Unclear of transfer learning in paper #67

Closed kkissmart closed 4 years ago

kkissmart commented 4 years ago

In your paper, did you initialized your model by 80-class-object trained COCO model? then finetune the model on orig_data + TableBank for table detection only (1-class-object)? then followed by a table structure detection?

Please clarify. Again, congrats on this paper. it is very impactful.

Thanks!

DevashishPrasad commented 4 years ago

Yes first the model is initialized with 80-class-object trained COCO model. Then we made a generic dataset by combining Marmot, ICDAR 19 and Github datasets. The model was fine-tuned for just the table detection (one class). We called this model the general model.

The general model was again fine-tuned separately for specific dataset for eg : Tablebank, ICDAR 19 etc. Also the general model was fine-tuned on ICDAR 19 B2 dataset for table structure recognition (3 classes).

We define this methodology as Iterative Transfer Learning and details about its effectiveness are elaborated in the paper.

kkissmart commented 4 years ago

Thanks for the answer! So you never trained on tableBank data? Thanks

DevashishPrasad commented 4 years ago

We did train it on tablebank (on a subset of table bank).

kkissmart commented 4 years ago

Sorry I am still confused there.

Tablebank has almost 300K data, why did you use it for finetune (subset) instead of including the entire dataset into your generic dataset?

Thanks!

DevashishPrasad commented 4 years ago

Yes we fine-tuned the general model on a subset of tablebank,

We did so mostly because of domain adaptation issue. Different datasets have different types of tables (different domains). We found that a model specifically fine-tuned for that particular dataset (particular domain) attains high accuracy than a generic model which was trained on multiple domains.

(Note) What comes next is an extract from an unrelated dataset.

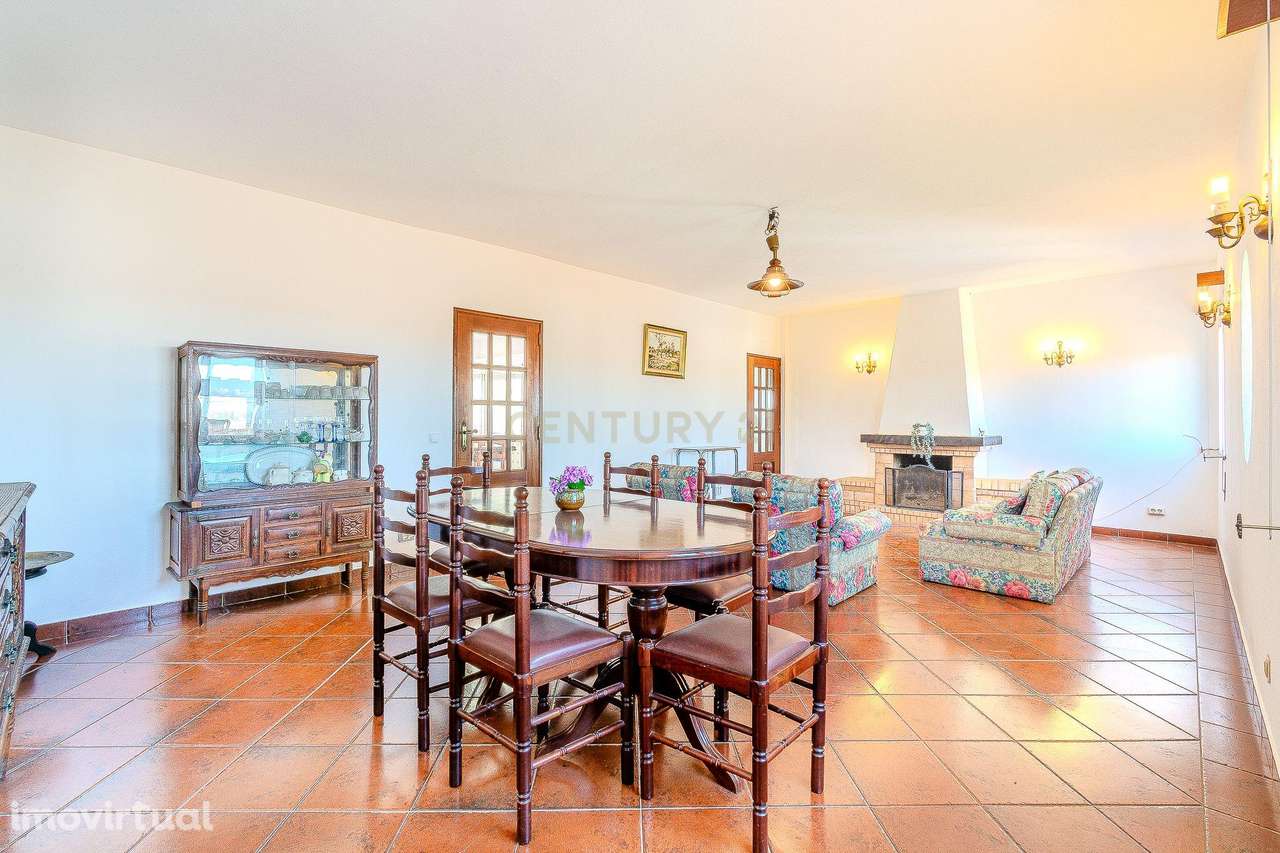 Moradia com 7 Divisões e Vista Desafogada em Paderne - Grande imagem: 4/43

The exact experiment that verified this notion was : The accuracy of general model on ICDAR 19 dataset was lower than the accuracy of general model that was again fine-tuned on ICDAR 19 dataset.

And also, as per the iterative transfer learning methodology, initially a general model is trained on bigger dataset (for a generic task) and step by step it is fine-tuned on specific and smaller datasets (demanding more specific tasks).

We did not provide the ablation studies for this methodology and plan to publish our next paper on the same.

Exact details are mentioned in our paper.